Slick! Where did you score the PCB? I’d love to build that.


----------



## chongmagic (Jan 1, 2020)

He was selling a few extra on the Madbean forum, I have an extra if you are interested?


----------



## Barry (Jan 1, 2020)

Looks good


----------



## Nostradoomus (Jan 1, 2020)

chongmagic said:


> He was selling a few extra on the Madbean forum, I have an extra if you are interested?



Yes please!


----------



## chongmagic (Jan 2, 2020)

Here is the front. Had some oversized knobs I finally was able to use.
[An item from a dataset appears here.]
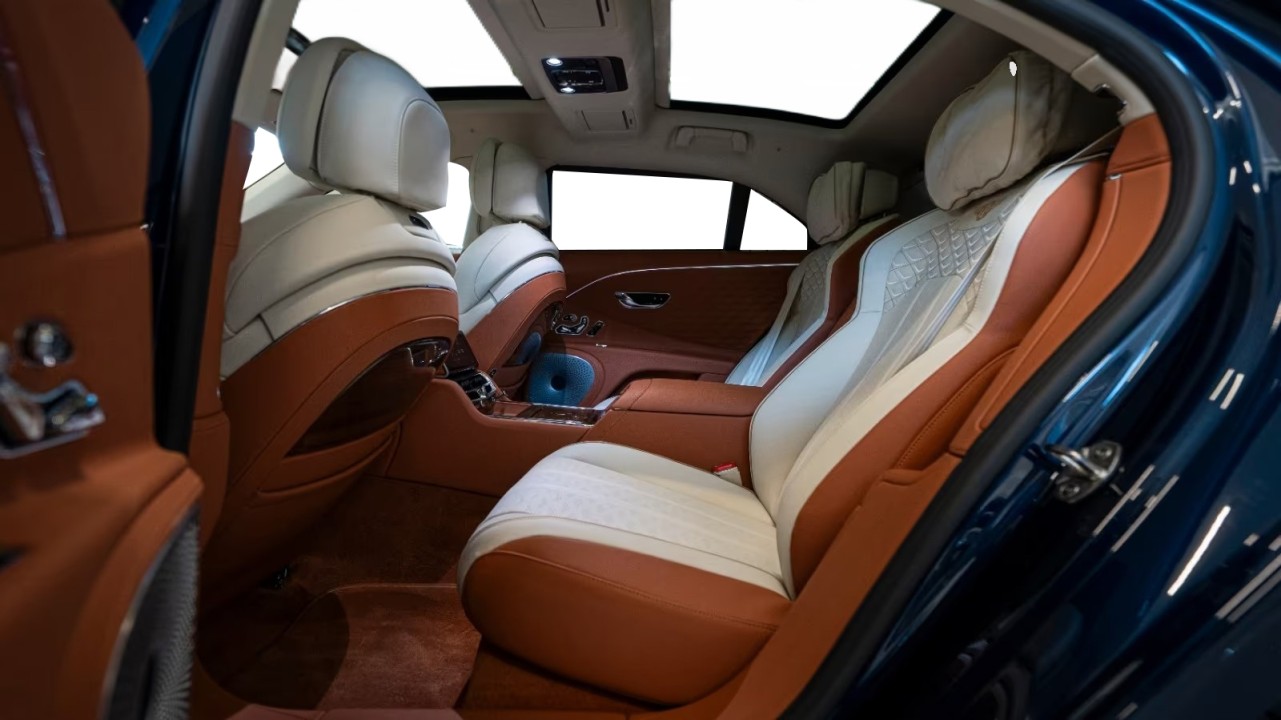 Bentley Flying Spur Mulliner - foto 12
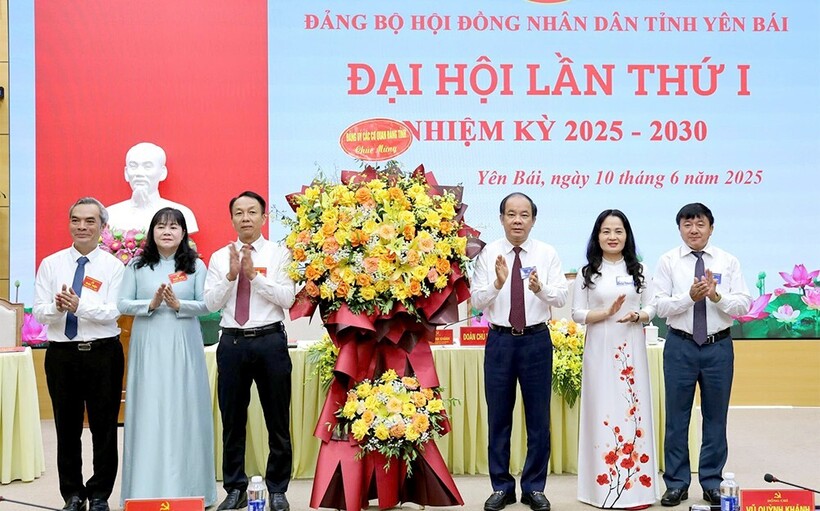 Đồng chí Tạ Văn Long - Phó Bí thư Thường trực Tỉnh ủy, Chủ tịch HĐND tỉnh, Bí thư Đảng ủy các cơ quan Đảng tỉnh chúc mừng Đại hội.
						New item by Jonathan Freeman
					






					photos.app.goo.gl


----------



## Chuck D. Bones (Jan 2, 2020)

Funny, that looks just like the front of your Muzzle!  What does the rotary switch do?


----------



## chongmagic (Jan 2, 2020)

Chuck D. Bones said:


> Funny, that looks just like the front of your Muzzle!  What does the rotary switch do?



The large knob changes from chorus to vibe to tremolo with the LFO, the one beside it selects the range. You can get an almost warped record effect out of this. So many possibilities, it is basically a clone of the Roger Mayer Voodoo Vibe.


----------